This process is called **fine-tuning**.

In [None]:
# We create a model from a pretrained point
from torchvision import models

model = models.resnet18(pretrained=True)

# We can see the blocks in our model like this
print(model)

In [None]:
# We can see the number of parameters of our model like this
print(f"There are {sum([p.numel() for p in model.parameters()]):.2g} parameters in the model used.")

In [None]:
# Bonus: You can also make your own model architecture!
# Uncomment and execute the cell below to see a simple CNN appear
import torch.nn as nn

class Net(nn.Module):
    def __init__(self, in_channels, num_classes):
        super(Net, self).__init__()
        # create layers here
        # self.l1 = ...

    def forward(self, x):
        # here the output should be a vector of size num_classes
        pass

In [None]:
# %load ../src/net.py

### Training loop

The next step of our process is the actual training of our model, the steps are
as follow :

- Load a batch of our dataloader
- Get the output of our model
- Compute the loss with the labels
- Make the propagation

For this we are going to need the following objects :

- A criterion (ie a way to calculate the loss); for multi-label classification,
    almost only the **cross-entropy** loss is used
- An optimizer (ie an algorithm to update the weights of our model). Several
    popular options exists (Adam, Stochastic Gradient Descent...)
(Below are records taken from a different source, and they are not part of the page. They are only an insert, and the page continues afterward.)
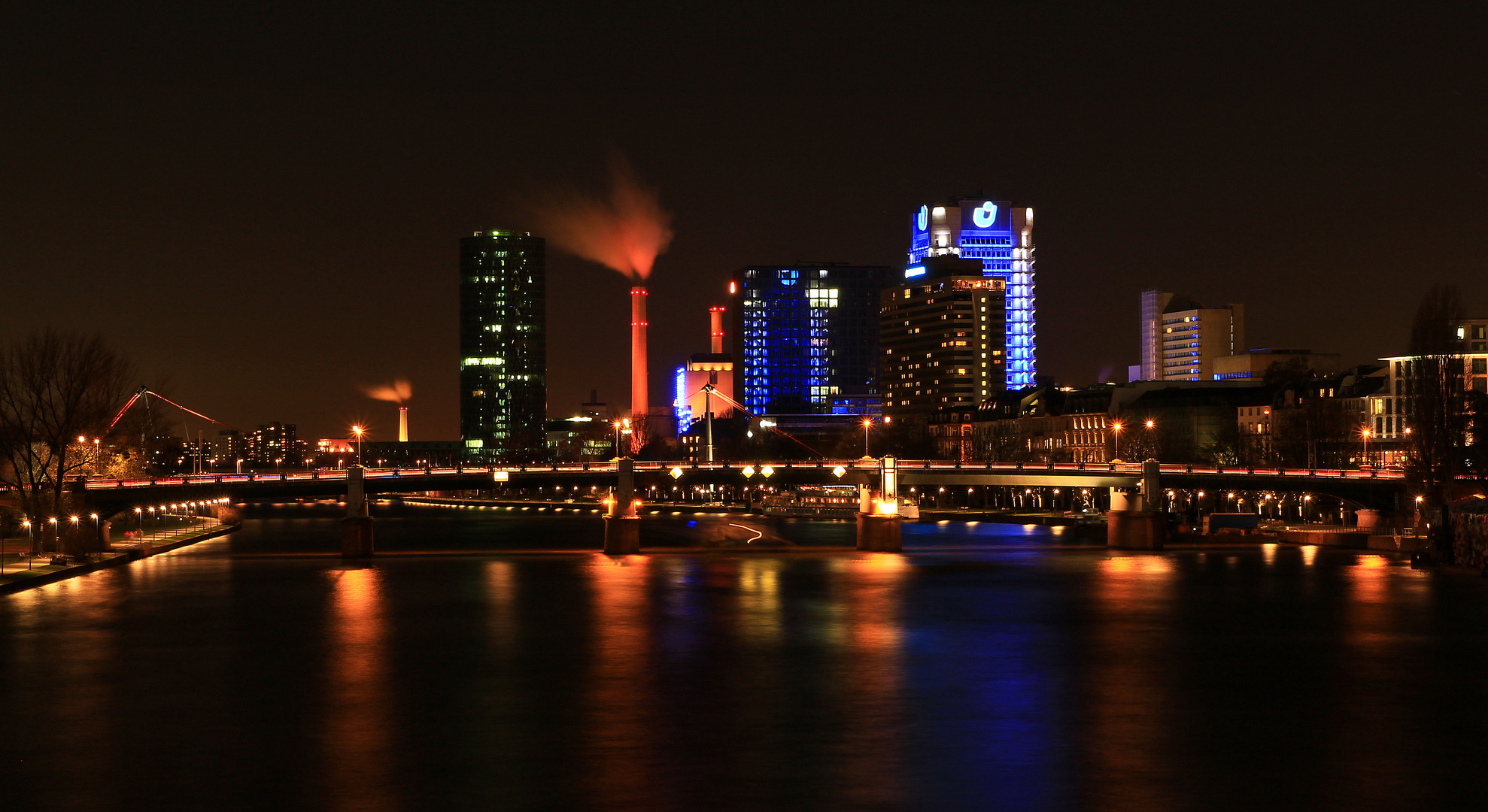 Blick vom Eisernen Steg Richtung Frankfurt Westhafen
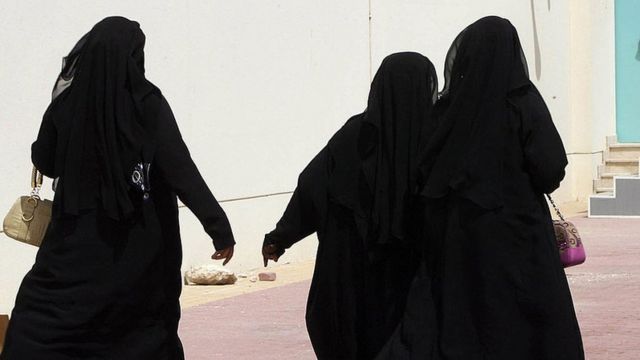 «TENGO MUCHO MIEDO, PERO SÓLO QUIERO QUE LA GENTE SEPA QUE EXISTIMOS»: LA VIDA EN QATAR DE UNA MUJER TRANSGÉNERO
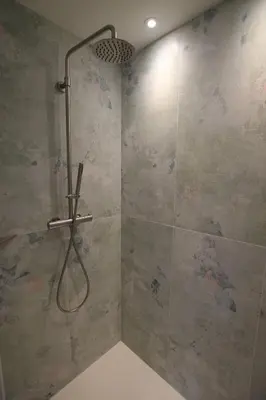 Salle de bains dans l'établissement Domaine de Champouteau - Gîtes et Chambres d'hôtes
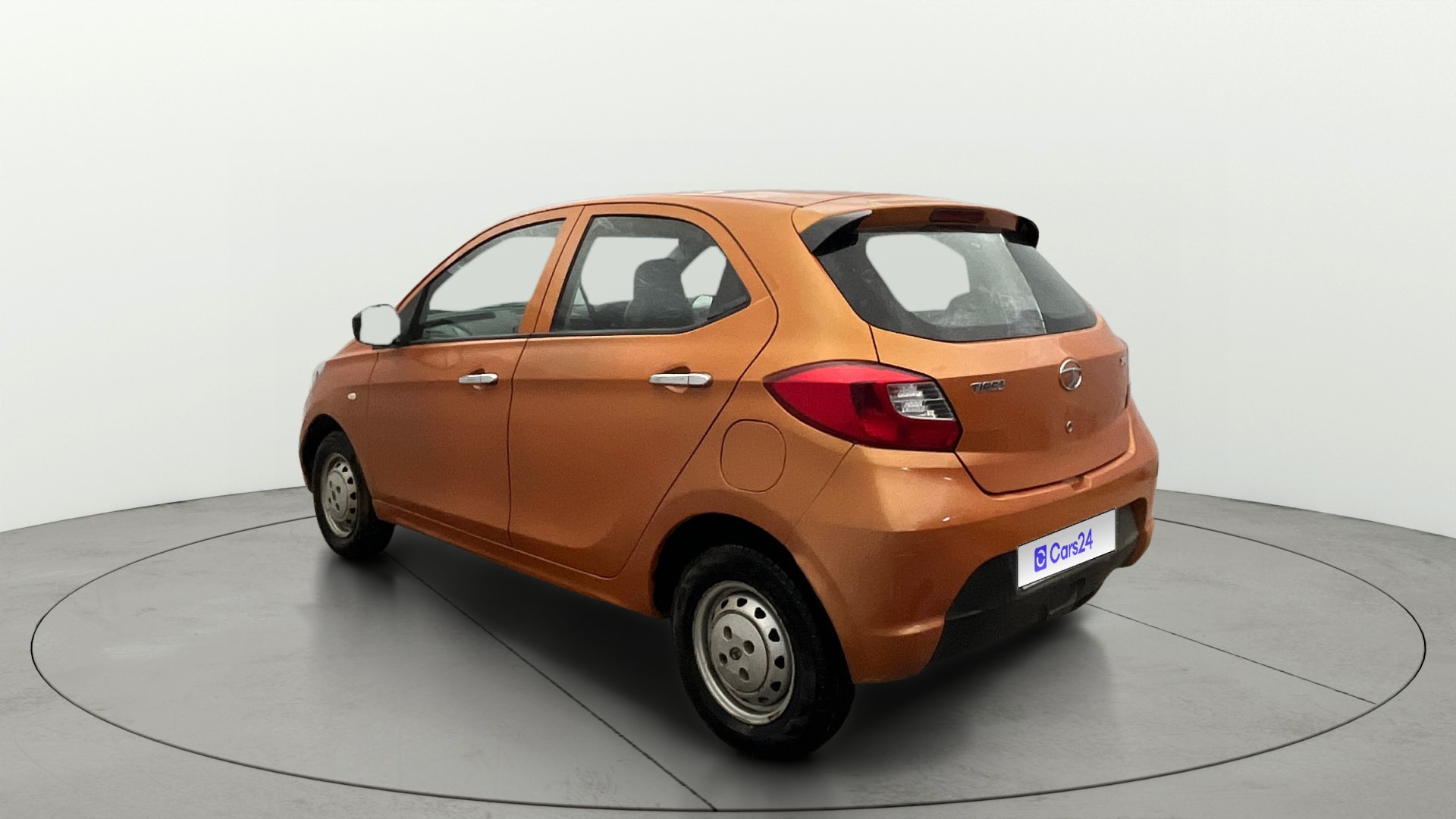 View 2017 Tata Tiago Revotorq XB Image 2 Used 2017 Tata Tiago Revotorq XB Image 2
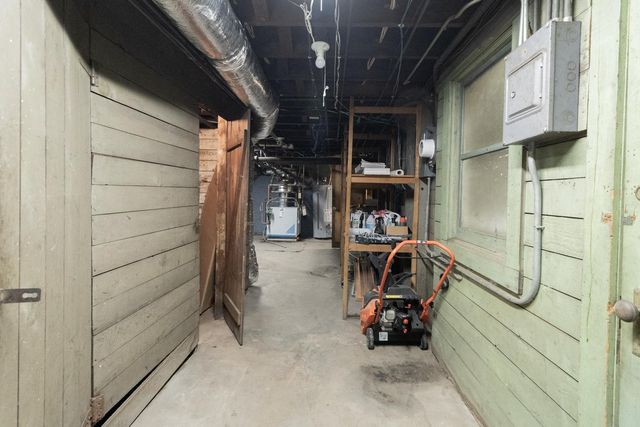 1321 Payne Avenue E, Saint Paul, MN 55130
Then we will implement the training loop and make the model train!

In [None]:
# Now we need to make an optimizer + a loss
import torch.nn as nn
from torch.optim import Adam, SGD, AdamW

# cross-entropy loss is the one used for multi classification tasks
criterion = nn.CrossEntropyLoss()

# Adam is a popular optimizer, but other could be used (SGD, Adamw...)
optimizer = Adam(model.parameters(), lr=0.001, weight_decay=1e-4) # you can also use SGD or AdamW, also try different learning rates and weight decay values

Now we have everything necessary in order to launch the training process.  
> ToDo : Find an image to illustrate training loop

In [None]:
# Implement the training loop here
# Uncomment and execute the cell below to see the answer
from tqdm import tqdm # tqdm is a library to display progress bars while looping

n_epochs = 10 # Number of epochs to train the model (ie number of times the model will see the whole dataset)

for epoch in range(n_epochs):
    model.train()  # Set the model to training mode

    for images, labels in tqdm(train_loader, desc=f"Epoch {epoch+1}/{n_epochs}"):
        optimizer.zero_grad()  # Zero the gradients -> essential step before the backward pass

        # ToDo: Calculate the outputs of the model
        
        # ToDo: Compute the loss
        loss = 0

        # Make the backward pass and update the weights
        loss.backward()  # Backward pass
        optimizer.step()  # Update the weights

    # Bonus: Implement the validation loop here
    # You need to set the model to evaluation mode and use the validation dataloader
    # to compute the validation loss and accuracy of the model every k epochs (e.g. every 5 epochs)
    if epoch % 5 == 0:
        model.eval()

In [None]:
# %load ../src/training.py

### Visualize the results

Our dataset was split into three parts: train ,val and test. While we have used
the train for the backpropagation, and the val for monitoring, test is still
unseen to this point.

It's purpose is to the metrics at the endpoint of the training pipeline.

In [None]:
# Execute this cell to see the results of your trained model on the test dataset
from tqdm import tqdm

def find_accuracy(model, dataloader_test, device):
    correct = 0
    total = 0
    label_test = []
    predicted_test = []

    with torch.no_grad():
        for inputs, labels in tqdm(dataloader_test):
            # Move the data to the device 
            inputs = inputs.to(device)
            labels = labels.to(device)

            # Predict the label with the trained model
            outputs = model(inputs)
            preds = outputs.argmax(dim=1)
            
            # Calculate the performance
            labels = labels.squeeze(1)
            correct += (preds == labels).sum().item()
            total += labels.size(0)

            # Add the predictions & labels in the list
            label_test.extend(labels.to('cpu').tolist())
            predicted_test.extend(preds.to('cpu').tolist())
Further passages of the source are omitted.